Suplantación involuntaria

Olga de León G.

      

      Blindaje especial ante las creencias y las fuerzas débiles de nuestra imperfecta mente, requieren los seres que se adentran en el mundo de los Infiernos, aunque de fantasía y ficción estén hechos. Niños que no pueden escapar a los flagelos del látigo con que fustiga la religión, se vuelven los hombres y las mujeres cuando leen la Divina Comedia, si su alma guarda aún pureza y en su corazón se anida la compasión y la nobleza.

      Basta ya de hallar pecados en pecadores prístinos e inocentes de toda perversidad, insano pensamiento y sin celo alguno en su alma y su corazón. 

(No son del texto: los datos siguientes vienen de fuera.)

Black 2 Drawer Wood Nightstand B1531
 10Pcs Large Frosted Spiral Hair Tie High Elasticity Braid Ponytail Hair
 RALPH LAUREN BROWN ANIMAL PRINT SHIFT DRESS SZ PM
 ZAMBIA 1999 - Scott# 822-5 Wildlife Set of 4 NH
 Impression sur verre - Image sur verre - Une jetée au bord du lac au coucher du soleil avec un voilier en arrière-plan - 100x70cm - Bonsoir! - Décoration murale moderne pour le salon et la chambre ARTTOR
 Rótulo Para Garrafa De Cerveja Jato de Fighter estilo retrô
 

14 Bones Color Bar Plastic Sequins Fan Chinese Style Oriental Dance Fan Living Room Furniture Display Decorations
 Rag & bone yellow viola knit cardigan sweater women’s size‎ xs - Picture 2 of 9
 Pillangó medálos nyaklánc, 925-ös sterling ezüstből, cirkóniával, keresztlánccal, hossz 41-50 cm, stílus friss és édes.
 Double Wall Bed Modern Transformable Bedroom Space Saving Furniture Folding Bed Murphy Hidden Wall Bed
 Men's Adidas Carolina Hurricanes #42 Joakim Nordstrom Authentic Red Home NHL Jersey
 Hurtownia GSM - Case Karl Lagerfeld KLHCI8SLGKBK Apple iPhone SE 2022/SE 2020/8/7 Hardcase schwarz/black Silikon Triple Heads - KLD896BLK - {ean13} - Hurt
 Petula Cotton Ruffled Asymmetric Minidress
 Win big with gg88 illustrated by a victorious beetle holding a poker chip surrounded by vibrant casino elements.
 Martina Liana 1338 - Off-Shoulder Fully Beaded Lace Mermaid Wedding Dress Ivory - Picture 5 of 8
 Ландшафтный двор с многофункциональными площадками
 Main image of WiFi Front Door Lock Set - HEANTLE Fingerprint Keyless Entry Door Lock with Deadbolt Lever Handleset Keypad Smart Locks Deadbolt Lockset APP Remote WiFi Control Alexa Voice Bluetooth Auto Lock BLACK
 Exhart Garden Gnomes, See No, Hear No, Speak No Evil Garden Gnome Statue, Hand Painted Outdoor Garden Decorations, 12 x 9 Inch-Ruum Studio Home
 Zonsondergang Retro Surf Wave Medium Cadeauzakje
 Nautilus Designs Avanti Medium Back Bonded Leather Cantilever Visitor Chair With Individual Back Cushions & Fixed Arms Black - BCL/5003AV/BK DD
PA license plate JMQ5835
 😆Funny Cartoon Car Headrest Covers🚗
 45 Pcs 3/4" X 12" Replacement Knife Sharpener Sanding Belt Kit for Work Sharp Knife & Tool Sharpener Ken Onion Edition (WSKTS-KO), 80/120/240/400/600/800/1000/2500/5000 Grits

      ¿Quién le dijo al gran poeta y pensante filósofo, tanto de lo mundano como de lo religioso y político, al italiano Dante, que Dios es vengativo y castigador? Y, ¿quién pensar podría, que tal juicio y acción hace cual emperador de todos los reinos de la tierra y todas las galaxias, sin más vara que la que le dicta su sinrazón sagrada, por la Trinidad protegido, y los arcángeles rodeado?

      Nadie, quizás Dante, dantesco servicio a Dios y la Iglesia hizo con su grandiosa obra que condena al mal y sus aliados: orgullo, codicia, ambición, venganza, injusticia, envidia y tantos más bichos destilados por la más antigua de las naturalezas serviles al oro y al poder: la humana.

      Mas he aquí que seres de delicados sentimientos, nobleza sin medida y emociones al borde de la culpa sufren, sin tener que hacerlo de manera alguna, por el sortilegio que esconde en sus entrañas las estrofas de un poeta que quizás solo quiso aportar su cuota al cielo, para que le abonara en su favor, cuando del mundo terrenal partiera.  

      “Así anduvimos hasta aquella luz,

      hablando cosas que callar es bueno,

      tal como era el hablarlas allí mismo”.

      Si, hablarlo, allí, en el Infierno, a donde mi lectura me llevara de cuerpo y alma. Y yo, casi agónica, enferma y con estertor de muerta, apenas si respirar podía viendo tanto dolor y doliente muertos, viviendo ese castigo eterno por sus pecados cometidos: ¿pensaría en los míos?

      Llegados al Purgatorio -Virgilio y yo, en esa suplantación del personaje por el lector- la agonía fue cediendo, puesto que muchos de quienes allí encontramos, habían sido amigos, maestros o condiscípulos… Y si bien felices no estaban, contaban con la esperanza de ascender un día hasta la diestra de Dios Padre, eso creían ellos, y nosotros no los desencantamos. El sincero arrepentimiento de sus pecados cometidos en vida, podía ayudarlos; además del tiempo que debían cumplir por su condena

      Mientras, yo por dentro y por fuera, seguía titiritando de frío, aun estando entre las llamas del Infierno o el fango ardiente del Purgatorio: el miedo, los miedos, la culpa y las debilidades mundanas nunca nos dejan del todo.

      Y, Virgilio desaparece, dice adiós –se lo dice a Dante- al conducirlo a las puertas del paraíso, y escribe:  

      “Que grande fue mi turbación entonces,

al volverme a Beatriz para mirarla,

y no la pude ver, aunque estuviese

en el mundo feliz, y junto a ella.”

      ¿Cómo puedo mirar a mi adorada musa, mi inspiración, si aún vivo?, leo entre líneas, que se pregunta Dante. Y, nuestro viaje -el de ambos-  casi termina; eso es lo que siento y creo, yo lectora, compenetrada hasta los huesos de la realidad de una obra que impactó al mundo. 

      Mientras Dante cierra, diciendo:

“Faltan fuerzas a la alta fantasía;

mas ya mi voluntad y mi deseo

      giraban como ruedas que impulsaba

      Aquel que mueve el sol y las estrellas.”